A number of recent publications have made the point that anemia is a biomarker for severe inflammatory bowel disease and undertreatment affects quality of life. Reading one of the more recent studies (IE Koutroubakis et al. Clin Gastroenterol Hepatol 2015; 13: 1760-66) brought to mind the high school football cheer: Be Aggressive!

This particular retrospective study involved 410 patients (245 with Crohn’s disease, 165 with ulcerative colitis) from 2009-2013.  This study is from the same group that published data on a somewhat smaller cohort and showed that IBD treatment alone often will not resolve anemia (Koutroubakis, IE et al. Inflamm Bowel Dis 2015; 21: 1587-93–see previous blog links).

Key findings:

  • Prevalence of anemia: 37.2% in 2009 and 33.2% in 2013
  • Anemia was associated with increased hospitalizations (P<.01), clinic visits (P<.001), telephone calls (P<.004), surgeries for IBD (P=.001), and lower quality of life scores (P<.03)

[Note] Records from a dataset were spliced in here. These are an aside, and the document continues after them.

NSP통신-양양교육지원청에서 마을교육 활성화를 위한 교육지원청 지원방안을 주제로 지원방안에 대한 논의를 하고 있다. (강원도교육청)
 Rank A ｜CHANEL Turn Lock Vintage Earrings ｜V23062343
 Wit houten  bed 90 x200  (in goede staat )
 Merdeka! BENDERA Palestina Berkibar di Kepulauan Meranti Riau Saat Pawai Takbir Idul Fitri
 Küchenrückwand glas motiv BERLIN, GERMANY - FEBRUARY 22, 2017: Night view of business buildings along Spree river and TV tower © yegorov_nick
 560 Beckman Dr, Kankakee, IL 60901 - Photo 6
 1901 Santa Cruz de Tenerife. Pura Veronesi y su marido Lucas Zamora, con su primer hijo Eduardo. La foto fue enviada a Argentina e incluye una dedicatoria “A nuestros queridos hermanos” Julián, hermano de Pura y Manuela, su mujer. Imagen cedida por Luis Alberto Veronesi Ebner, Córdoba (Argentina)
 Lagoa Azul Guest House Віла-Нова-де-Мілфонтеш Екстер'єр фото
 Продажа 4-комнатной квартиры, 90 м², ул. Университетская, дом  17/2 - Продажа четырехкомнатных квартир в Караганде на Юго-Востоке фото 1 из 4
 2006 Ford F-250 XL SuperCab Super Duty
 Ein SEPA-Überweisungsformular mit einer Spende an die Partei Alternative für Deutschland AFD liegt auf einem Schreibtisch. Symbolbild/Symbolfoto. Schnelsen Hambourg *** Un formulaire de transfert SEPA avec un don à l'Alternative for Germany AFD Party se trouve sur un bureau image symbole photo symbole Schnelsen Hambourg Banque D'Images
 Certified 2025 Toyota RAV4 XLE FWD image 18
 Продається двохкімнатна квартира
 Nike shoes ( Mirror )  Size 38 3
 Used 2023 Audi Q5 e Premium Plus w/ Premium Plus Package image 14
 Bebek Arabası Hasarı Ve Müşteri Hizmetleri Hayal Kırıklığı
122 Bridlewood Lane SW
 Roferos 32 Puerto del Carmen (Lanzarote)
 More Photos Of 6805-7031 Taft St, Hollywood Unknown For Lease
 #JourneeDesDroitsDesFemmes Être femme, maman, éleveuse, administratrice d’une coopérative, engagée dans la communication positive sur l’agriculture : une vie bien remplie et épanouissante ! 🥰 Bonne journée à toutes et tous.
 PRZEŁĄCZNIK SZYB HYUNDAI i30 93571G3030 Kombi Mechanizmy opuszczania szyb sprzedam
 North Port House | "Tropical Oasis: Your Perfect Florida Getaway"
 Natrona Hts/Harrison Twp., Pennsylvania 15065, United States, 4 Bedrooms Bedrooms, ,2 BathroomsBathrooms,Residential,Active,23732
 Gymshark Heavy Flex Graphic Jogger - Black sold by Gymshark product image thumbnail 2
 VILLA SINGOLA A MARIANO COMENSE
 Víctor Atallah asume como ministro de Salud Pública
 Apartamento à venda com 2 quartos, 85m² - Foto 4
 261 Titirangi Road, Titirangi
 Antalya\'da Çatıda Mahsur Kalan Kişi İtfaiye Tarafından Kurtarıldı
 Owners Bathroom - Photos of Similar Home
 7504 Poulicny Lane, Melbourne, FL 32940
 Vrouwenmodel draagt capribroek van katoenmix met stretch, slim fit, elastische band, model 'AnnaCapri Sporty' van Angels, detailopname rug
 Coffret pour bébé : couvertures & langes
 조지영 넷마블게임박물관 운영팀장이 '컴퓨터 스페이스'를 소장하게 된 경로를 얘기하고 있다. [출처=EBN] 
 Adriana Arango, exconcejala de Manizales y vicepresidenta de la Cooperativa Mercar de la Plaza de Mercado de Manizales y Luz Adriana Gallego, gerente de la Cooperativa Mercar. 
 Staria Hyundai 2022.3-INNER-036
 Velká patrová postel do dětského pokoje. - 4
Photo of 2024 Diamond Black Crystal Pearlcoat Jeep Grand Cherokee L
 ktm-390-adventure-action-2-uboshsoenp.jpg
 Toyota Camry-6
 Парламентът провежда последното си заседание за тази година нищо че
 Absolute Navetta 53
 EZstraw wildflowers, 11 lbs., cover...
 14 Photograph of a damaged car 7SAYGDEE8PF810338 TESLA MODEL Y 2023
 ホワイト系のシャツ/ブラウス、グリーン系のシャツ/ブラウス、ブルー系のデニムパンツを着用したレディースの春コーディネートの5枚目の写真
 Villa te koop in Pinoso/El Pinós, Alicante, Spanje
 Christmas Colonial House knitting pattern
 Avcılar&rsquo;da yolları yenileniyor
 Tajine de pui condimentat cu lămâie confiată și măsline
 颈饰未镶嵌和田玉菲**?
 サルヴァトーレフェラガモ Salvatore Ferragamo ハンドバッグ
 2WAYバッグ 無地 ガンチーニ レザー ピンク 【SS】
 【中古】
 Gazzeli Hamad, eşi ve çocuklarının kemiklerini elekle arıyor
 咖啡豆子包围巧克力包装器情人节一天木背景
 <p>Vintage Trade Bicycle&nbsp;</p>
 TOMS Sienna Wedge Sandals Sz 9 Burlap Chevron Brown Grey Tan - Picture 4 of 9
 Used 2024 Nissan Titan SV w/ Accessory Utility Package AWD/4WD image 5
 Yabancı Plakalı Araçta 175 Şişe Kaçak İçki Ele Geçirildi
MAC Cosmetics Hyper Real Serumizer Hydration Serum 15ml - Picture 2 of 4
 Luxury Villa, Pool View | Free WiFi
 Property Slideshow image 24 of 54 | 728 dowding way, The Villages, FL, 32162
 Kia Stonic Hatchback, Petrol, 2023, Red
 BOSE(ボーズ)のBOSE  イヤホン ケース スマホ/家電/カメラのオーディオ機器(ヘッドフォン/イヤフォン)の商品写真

The associated editorial (pgs 1767-69) suggests that IBD-related anemia, if mild (w/in 1 g/L below normal) to treat with oral iron replacement and if moderate-to-severe, then to replace intravenously (using Ganzoni’s formula calculator). In addition, if anemia is not improving, looking for alternative explanations (e.g. vitamin B12 or folate deficiency) is recommended.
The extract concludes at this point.